(From the US Chess Federation’s Official Rules of Chess, 7th Edition by Tim Just)
Unless a different method has been posted or announced before the start of the first round, players will expect the following sequence of tiebreak systems to be employed as the first four tiebreakers. Any variation to be used within the various systems should be posted also. These systems (and some additional ones) are explained in detail following the list.
1. Modified Median
4. Cumulative of Opposition
The Median system, also known as the Harkness system for inventor Kenneth Harkness, evaluates the strength of a player’s opposition by summing the final scores of his or her opponents and then discarding the highest and lowest of these scores. In the Modified Median system, players who tie with even scores (an even score is equal to exactly one half of the maximum possible score), have the highest- and lowest-scoring opponents’ scores excluded. The system is modified for players with non-even scores to disregard only the least significant opponents’ scores: the lowest-scoring opponent’s score is discarded for tied players with plus scores and the highest-scoring for tied players with minus scores. For tournaments of nine or more rounds, the top two and bottom two scores are discarded for even-score ties, the bottom two scores for plus-score ties, and the top two scores for minus-score ties. These scores are adjusted for unplayed games, which count a half point each, regardless of whether they were byes, forfeits, or simply rounds not played after an opponent withdrew. So an opponent who won the first two games, lost the third, withdrew and did not play rounds four or five would have an adjusted score of 3 points (1+1+0+0.5+0.5 = 3). These adjusted scores are used only to calculate the opponent’s tiebreaks. The player’s own score is not changed.
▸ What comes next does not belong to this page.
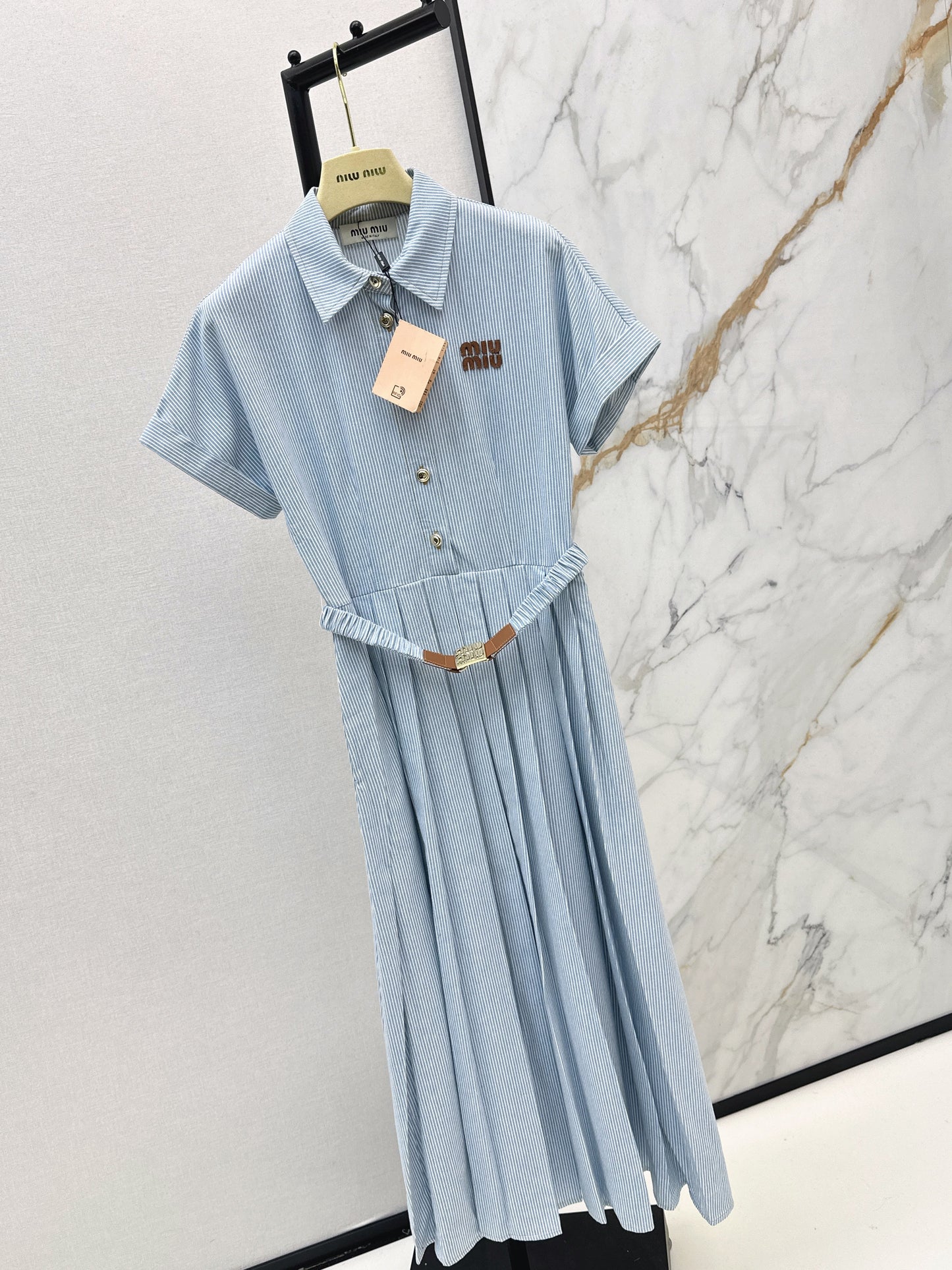 Long striped dress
If the player involved in the tie has any unplayed games, they count as opponents with adjusted scores of 0.
The Solkoff system is the same as the Median system except that no opponents’ scores are discarded.
To determine cumulative tiebreak score, simply add up the cumulative (running) score for each round. For example, if a player’s results were win, loss, win, draw, loss, the wall chart would show a cumulative score round by round as 1, 1, 2, 2.5, 2.5. The cumulative tiebreak total is 9 (1+1+2+2.5+2.5 = 9). If another player scored 2.5 with a sequence 1, 2, 2.5, 2.5, 2.5, the tiebreak points scored would be 10.5 (1+2+2.5+2.5+2.5 = 10.5). The latter player’s tiebreaks are higher because he or she scored earlier and presumably had tougher opposition for the remainder of the event. One point is subtracted from the sum for each unplayed win or full-point bye (22B); likewise, one-half point is subtracted from the sum for each unplayed draw or half-point bye.
Cumulative scores of opposition
The cumulative tiebreak points of each opponent are calculated and these are added together.